>>>

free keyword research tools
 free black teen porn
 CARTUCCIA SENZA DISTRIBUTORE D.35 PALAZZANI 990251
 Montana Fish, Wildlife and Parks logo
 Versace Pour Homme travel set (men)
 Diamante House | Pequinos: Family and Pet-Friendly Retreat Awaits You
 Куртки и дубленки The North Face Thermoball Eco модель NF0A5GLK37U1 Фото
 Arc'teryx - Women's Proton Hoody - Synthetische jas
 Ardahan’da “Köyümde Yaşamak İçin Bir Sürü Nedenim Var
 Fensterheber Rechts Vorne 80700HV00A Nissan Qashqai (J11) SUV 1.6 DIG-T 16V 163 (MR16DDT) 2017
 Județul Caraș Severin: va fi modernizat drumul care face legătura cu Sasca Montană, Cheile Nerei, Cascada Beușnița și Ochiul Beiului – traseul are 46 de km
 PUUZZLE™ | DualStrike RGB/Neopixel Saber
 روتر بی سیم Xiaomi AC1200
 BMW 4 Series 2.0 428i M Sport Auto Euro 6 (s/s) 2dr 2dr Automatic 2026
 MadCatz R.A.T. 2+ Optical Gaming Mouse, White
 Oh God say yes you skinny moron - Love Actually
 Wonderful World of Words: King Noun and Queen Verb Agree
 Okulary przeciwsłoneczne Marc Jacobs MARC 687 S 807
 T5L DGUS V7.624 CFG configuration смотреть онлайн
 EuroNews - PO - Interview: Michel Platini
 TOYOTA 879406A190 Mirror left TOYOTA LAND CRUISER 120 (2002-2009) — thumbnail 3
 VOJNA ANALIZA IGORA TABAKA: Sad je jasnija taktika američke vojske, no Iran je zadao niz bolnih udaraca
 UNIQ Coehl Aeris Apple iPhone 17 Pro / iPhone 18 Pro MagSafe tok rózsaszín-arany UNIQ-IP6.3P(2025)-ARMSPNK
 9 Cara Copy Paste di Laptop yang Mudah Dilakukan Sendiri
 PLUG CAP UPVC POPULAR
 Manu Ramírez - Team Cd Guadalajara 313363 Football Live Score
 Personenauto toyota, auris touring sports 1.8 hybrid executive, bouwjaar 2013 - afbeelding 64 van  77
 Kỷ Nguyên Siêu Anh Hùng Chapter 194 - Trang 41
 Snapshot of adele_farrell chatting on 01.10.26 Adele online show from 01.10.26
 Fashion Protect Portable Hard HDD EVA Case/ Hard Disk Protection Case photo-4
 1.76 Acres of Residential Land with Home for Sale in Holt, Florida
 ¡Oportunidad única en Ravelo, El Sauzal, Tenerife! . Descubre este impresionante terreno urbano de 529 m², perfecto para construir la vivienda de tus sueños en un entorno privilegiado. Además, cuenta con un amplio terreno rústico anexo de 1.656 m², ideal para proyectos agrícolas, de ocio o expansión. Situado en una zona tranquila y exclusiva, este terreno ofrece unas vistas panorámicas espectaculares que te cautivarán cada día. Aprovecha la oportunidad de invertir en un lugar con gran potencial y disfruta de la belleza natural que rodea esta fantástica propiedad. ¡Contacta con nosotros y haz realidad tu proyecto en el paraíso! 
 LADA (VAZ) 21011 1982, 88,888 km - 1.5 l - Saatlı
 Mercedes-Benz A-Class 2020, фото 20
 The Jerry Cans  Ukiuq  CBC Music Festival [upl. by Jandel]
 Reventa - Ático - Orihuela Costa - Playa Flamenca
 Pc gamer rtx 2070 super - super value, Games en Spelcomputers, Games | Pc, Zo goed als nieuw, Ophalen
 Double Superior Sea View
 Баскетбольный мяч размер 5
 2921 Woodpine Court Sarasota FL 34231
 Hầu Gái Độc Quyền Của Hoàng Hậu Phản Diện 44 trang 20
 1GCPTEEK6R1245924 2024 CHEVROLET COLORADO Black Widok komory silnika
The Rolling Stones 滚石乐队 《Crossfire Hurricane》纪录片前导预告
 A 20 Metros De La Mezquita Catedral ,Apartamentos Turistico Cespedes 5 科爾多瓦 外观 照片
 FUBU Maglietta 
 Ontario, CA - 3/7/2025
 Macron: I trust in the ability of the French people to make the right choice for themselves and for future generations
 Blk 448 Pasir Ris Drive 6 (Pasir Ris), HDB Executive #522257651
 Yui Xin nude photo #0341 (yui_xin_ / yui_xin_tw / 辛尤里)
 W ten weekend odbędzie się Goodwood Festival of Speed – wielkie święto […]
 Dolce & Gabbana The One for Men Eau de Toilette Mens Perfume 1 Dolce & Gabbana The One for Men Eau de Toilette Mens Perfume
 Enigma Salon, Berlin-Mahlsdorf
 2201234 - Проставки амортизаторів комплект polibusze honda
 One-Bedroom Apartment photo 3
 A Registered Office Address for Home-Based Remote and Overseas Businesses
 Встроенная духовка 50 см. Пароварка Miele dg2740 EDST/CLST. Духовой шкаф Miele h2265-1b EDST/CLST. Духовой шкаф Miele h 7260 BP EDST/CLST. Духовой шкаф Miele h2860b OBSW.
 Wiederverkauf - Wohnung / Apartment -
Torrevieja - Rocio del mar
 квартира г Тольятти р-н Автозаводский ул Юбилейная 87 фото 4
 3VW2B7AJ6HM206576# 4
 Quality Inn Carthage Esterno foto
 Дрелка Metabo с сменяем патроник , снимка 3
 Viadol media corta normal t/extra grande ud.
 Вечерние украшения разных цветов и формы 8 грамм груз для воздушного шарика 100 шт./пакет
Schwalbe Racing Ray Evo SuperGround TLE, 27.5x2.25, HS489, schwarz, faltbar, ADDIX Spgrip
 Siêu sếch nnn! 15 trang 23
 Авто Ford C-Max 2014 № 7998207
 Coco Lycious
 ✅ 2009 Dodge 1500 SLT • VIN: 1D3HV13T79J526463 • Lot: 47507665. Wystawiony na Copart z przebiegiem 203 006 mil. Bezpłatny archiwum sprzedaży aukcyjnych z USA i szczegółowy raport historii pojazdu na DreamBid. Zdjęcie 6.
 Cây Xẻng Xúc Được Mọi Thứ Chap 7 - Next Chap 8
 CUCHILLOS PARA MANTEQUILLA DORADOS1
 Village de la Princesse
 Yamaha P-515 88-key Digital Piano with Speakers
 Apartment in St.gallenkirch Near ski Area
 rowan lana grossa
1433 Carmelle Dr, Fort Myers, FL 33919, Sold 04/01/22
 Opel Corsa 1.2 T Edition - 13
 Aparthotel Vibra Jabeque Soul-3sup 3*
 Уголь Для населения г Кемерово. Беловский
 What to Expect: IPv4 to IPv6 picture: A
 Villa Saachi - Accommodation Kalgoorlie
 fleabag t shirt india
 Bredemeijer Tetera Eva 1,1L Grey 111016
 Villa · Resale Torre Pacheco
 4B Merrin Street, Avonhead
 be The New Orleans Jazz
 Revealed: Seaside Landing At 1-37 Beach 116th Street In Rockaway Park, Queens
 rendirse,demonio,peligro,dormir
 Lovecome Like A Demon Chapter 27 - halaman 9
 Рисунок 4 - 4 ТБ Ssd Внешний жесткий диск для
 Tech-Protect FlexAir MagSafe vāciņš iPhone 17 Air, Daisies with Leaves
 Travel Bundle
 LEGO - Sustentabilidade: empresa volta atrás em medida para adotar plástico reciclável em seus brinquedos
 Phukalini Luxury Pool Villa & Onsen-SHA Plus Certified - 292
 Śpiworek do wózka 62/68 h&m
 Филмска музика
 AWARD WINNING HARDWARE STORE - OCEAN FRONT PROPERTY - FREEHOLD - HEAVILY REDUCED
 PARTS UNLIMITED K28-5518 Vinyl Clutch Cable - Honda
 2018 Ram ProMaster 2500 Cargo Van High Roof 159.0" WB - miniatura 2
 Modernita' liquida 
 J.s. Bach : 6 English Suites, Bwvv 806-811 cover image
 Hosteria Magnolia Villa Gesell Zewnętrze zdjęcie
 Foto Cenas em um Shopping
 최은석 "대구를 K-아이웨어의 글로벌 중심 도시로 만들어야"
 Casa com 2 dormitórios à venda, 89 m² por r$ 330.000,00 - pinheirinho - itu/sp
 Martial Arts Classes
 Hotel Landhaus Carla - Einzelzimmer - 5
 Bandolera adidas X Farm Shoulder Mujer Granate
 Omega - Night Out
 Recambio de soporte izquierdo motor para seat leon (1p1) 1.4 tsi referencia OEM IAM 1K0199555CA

<<<

• What the task requires: Looking at the data above, write out exactly the lines that start at the one containing "Баскетбольный мяч размер 5" and end at the one containing "The Rolling Stones"; include both and nothing beyond.

• Your response:
 Баскетбольный мяч размер 5
 2921 Woodpine Court Sarasota FL 34231
 Hầu Gái Độc Quyền Của Hoàng Hậu Phản Diện 44 trang 20
 1GCPTEEK6R1245924 2024 CHEVROLET COLORADO Black Widok komory silnika
The Rolling Stones 滚石乐队 《Crossfire Hurricane》纪录片前导预告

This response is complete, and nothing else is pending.